Task prompt: Repeat all entries below exactly as shown.

┌──

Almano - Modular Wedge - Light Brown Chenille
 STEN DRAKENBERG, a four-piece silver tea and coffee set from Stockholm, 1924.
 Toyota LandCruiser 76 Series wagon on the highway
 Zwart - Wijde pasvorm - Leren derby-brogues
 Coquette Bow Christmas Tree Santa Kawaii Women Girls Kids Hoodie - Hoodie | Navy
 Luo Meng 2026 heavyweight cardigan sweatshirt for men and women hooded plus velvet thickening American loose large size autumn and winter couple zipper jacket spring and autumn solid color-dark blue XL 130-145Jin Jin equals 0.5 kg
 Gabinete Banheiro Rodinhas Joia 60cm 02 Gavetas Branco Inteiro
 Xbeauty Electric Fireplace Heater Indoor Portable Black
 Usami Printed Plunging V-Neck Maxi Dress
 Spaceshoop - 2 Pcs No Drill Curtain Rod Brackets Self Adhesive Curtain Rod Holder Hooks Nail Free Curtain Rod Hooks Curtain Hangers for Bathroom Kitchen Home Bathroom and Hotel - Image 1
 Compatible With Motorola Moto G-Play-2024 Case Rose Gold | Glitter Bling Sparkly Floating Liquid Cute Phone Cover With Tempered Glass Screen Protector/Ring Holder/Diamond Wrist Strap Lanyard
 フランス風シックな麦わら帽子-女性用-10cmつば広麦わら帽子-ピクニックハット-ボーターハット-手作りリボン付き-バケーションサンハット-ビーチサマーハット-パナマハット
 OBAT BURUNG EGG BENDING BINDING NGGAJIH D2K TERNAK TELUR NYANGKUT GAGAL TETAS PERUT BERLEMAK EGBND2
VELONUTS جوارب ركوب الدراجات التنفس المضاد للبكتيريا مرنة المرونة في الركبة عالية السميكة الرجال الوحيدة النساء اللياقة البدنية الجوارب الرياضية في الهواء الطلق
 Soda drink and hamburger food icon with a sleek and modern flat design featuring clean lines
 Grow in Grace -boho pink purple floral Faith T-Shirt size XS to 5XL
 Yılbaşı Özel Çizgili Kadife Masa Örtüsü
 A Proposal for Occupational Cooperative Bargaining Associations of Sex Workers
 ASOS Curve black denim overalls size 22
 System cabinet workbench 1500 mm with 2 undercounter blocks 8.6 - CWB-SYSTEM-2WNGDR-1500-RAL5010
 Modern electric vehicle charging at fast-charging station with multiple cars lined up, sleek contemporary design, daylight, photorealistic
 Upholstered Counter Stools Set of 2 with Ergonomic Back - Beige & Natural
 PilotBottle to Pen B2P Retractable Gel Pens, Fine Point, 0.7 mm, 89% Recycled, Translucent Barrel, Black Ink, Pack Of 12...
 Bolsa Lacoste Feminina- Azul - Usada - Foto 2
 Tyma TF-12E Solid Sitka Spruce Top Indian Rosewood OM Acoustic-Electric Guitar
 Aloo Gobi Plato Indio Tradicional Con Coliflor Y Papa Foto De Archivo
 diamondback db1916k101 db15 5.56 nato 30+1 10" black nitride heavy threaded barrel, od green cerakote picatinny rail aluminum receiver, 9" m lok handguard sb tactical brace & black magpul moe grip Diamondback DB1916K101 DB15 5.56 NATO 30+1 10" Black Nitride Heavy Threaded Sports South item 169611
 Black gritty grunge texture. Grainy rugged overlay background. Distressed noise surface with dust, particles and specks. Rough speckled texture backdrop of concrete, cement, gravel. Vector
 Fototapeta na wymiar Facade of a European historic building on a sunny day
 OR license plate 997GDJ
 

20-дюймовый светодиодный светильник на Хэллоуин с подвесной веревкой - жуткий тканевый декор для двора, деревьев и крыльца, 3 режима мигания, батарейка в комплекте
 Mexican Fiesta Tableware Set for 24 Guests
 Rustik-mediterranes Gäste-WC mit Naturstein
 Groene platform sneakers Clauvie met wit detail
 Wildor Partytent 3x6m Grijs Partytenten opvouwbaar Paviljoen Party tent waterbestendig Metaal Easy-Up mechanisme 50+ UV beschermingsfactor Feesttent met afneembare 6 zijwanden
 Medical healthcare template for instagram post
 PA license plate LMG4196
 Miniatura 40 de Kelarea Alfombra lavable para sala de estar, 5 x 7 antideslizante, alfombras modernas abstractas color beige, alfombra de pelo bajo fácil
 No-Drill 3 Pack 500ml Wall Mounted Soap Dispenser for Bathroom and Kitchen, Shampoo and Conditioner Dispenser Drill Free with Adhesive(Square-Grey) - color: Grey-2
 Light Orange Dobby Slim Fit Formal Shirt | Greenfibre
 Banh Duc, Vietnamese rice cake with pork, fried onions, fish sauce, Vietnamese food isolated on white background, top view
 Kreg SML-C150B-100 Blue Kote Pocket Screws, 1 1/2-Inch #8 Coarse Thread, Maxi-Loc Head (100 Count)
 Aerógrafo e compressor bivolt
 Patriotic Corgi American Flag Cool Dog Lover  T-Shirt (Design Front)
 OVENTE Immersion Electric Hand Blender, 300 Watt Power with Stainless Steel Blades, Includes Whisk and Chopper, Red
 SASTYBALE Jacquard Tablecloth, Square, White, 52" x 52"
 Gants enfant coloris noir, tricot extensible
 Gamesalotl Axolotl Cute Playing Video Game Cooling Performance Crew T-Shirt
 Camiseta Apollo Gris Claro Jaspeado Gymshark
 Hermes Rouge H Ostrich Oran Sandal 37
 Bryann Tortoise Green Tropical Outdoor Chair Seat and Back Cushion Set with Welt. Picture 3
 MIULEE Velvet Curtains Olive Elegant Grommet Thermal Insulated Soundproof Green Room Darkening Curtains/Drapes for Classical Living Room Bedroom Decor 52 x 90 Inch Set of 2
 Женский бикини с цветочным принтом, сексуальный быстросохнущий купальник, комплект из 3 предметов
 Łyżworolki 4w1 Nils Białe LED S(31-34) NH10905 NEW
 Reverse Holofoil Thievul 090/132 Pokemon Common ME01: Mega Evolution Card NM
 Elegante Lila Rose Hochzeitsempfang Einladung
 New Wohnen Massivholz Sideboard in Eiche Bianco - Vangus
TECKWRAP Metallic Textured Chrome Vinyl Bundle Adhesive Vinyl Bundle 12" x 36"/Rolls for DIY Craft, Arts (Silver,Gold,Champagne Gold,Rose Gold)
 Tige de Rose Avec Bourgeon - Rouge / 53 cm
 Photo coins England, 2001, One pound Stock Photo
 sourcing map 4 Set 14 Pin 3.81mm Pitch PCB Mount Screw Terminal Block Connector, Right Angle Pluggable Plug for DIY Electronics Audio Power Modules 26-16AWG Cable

└──

Reply:
Almano - Modular Wedge - Light Brown Chenille
 STEN DRAKENBERG, a four-piece silver tea and coffee set from Stockholm, 1924.
 Toyota LandCruiser 76 Series wagon on the highway
 Zwart - Wijde pasvorm - Leren derby-brogues
 Coquette Bow Christmas Tree Santa Kawaii Women Girls Kids Hoodie - Hoodie | Navy
 Luo Meng 2026 heavyweight cardigan sweatshirt for men and women hooded plus velvet thickening American loose large size autumn and winter couple zipper jacket spring and autumn solid color-dark blue XL 130-145Jin Jin equals 0.5 kg
 Gabinete Banheiro Rodinhas Joia 60cm 02 Gavetas Branco Inteiro
 Xbeauty Electric Fireplace Heater Indoor Portable Black
 Usami Printed Plunging V-Neck Maxi Dress
 Spaceshoop - 2 Pcs No Drill Curtain Rod Brackets Self Adhesive Curtain Rod Holder Hooks Nail Free Curtain Rod Hooks Curtain Hangers for Bathroom Kitchen Home Bathroom and Hotel - Image 1
 Compatible With Motorola Moto G-Play-2024 Case Rose Gold | Glitter Bling Sparkly Floating Liquid Cute Phone Cover With Tempered Glass Screen Protector/Ring Holder/Diamond Wrist Strap Lanyard
 フランス風シックな麦わら帽子-女性用-10cmつば広麦わら帽子-ピクニックハット-ボーターハット-手作りリボン付き-バケーションサンハット-ビーチサマーハット-パナマハット
 OBAT BURUNG EGG BENDING BINDING NGGAJIH D2K TERNAK TELUR NYANGKUT GAGAL TETAS PERUT BERLEMAK EGBND2
VELONUTS جوارب ركوب الدراجات التنفس المضاد للبكتيريا مرنة المرونة في الركبة عالية السميكة الرجال الوحيدة النساء اللياقة البدنية الجوارب الرياضية في الهواء الطلق
 Soda drink and hamburger food icon with a sleek and modern flat design featuring clean lines
 Grow in Grace -boho pink purple floral Faith T-Shirt size XS to 5XL
 Yılbaşı Özel Çizgili Kadife Masa Örtüsü
 A Proposal for Occupational Cooperative Bargaining Associations of Sex Workers
 ASOS Curve black denim overalls size 22
 System cabinet workbench 1500 mm with 2 undercounter blocks 8.6 - CWB-SYSTEM-2WNGDR-1500-RAL5010
 Modern electric vehicle charging at fast-charging station with multiple cars lined up, sleek contemporary design, daylight, photorealistic
 Upholstered Counter Stools Set of 2 with Ergonomic Back - Beige & Natural
 PilotBottle to Pen B2P Retractable Gel Pens, Fine Point, 0.7 mm, 89% Recycled, Translucent Barrel, Black Ink, Pack Of 12...
 Bolsa Lacoste Feminina- Azul - Usada - Foto 2
 Tyma TF-12E Solid Sitka Spruce Top Indian Rosewood OM Acoustic-Electric Guitar
 Aloo Gobi Plato Indio Tradicional Con Coliflor Y Papa Foto De Archivo
 diamondback db1916k101 db15 5.56 nato 30+1 10" black nitride heavy threaded barrel, od green cerakote picatinny rail aluminum receiver, 9" m lok handguard sb tactical brace & black magpul moe grip Diamondback DB1916K101 DB15 5.56 NATO 30+1 10" Black Nitride Heavy Threaded Sports South item 169611
 Black gritty grunge texture. Grainy rugged overlay background. Distressed noise surface with dust, particles and specks. Rough speckled texture backdrop of concrete, cement, gravel. Vector
 Fototapeta na wymiar Facade of a European historic building on a sunny day
 OR license plate 997GDJ
 

20-дюймовый светодиодный светильник на Хэллоуин с подвесной веревкой - жуткий тканевый декор для двора, деревьев и крыльца, 3 режима мигания, батарейка в комплекте
 Mexican Fiesta Tableware Set for 24 Guests
 Rustik-mediterranes Gäste-WC mit Naturstein
 Groene platform sneakers Clauvie met wit detail
 Wildor Partytent 3x6m Grijs Partytenten opvouwbaar Paviljoen Party tent waterbestendig Metaal Easy-Up mechanisme 50+ UV beschermingsfactor Feesttent met afneembare 6 zijwanden
 Medical healthcare template for instagram post
 PA license plate LMG4196
 Miniatura 40 de Kelarea Alfombra lavable para sala de estar, 5 x 7 antideslizante, alfombras modernas abstractas color beige, alfombra de pelo bajo fácil
 No-Drill 3 Pack 500ml Wall Mounted Soap Dispenser for Bathroom and Kitchen, Shampoo and Conditioner Dispenser Drill Free with Adhesive(Square-Grey) - color: Grey-2
 Light Orange Dobby Slim Fit Formal Shirt | Greenfibre
 Banh Duc, Vietnamese rice cake with pork, fried onions, fish sauce, Vietnamese food isolated on white background, top view
 Kreg SML-C150B-100 Blue Kote Pocket Screws, 1 1/2-Inch #8 Coarse Thread, Maxi-Loc Head (100 Count)
 Aerógrafo e compressor bivolt
 Patriotic Corgi American Flag Cool Dog Lover  T-Shirt (Design Front)
 OVENTE Immersion Electric Hand Blender, 300 Watt Power with Stainless Steel Blades, Includes Whisk and Chopper, Red
 SASTYBALE Jacquard Tablecloth, Square, White, 52" x 52"
 Gants enfant coloris noir, tricot extensible
 Gamesalotl Axolotl Cute Playing Video Game Cooling Performance Crew T-Shirt
 Camiseta Apollo Gris Claro Jaspeado Gymshark
 Hermes Rouge H Ostrich Oran Sandal 37
 Bryann Tortoise Green Tropical Outdoor Chair Seat and Back Cushion Set with Welt. Picture 3
 MIULEE Velvet Curtains Olive Elegant Grommet Thermal Insulated Soundproof Green Room Darkening Curtains/Drapes for Classical Living Room Bedroom Decor 52 x 90 Inch Set of 2
 Женский бикини с цветочным принтом, сексуальный быстросохнущий купальник, комплект из 3 предметов
 Łyżworolki 4w1 Nils Białe LED S(31-34) NH10905 NEW
 Reverse Holofoil Thievul 090/132 Pokemon Common ME01: Mega Evolution Card NM
 Elegante Lila Rose Hochzeitsempfang Einladung
 New Wohnen Massivholz Sideboard in Eiche Bianco - Vangus
TECKWRAP Metallic Textured Chrome Vinyl Bundle Adhesive Vinyl Bundle 12" x 36"/Rolls for DIY Craft, Arts (Silver,Gold,Champagne Gold,Rose Gold)
 Tige de Rose Avec Bourgeon - Rouge / 53 cm
 Photo coins England, 2001, One pound Stock Photo
 sourcing map 4 Set 14 Pin 3.81mm Pitch PCB Mount Screw Terminal Block Connector, Right Angle Pluggable Plug for DIY Electronics Audio Power Modules 26-16AWG Cable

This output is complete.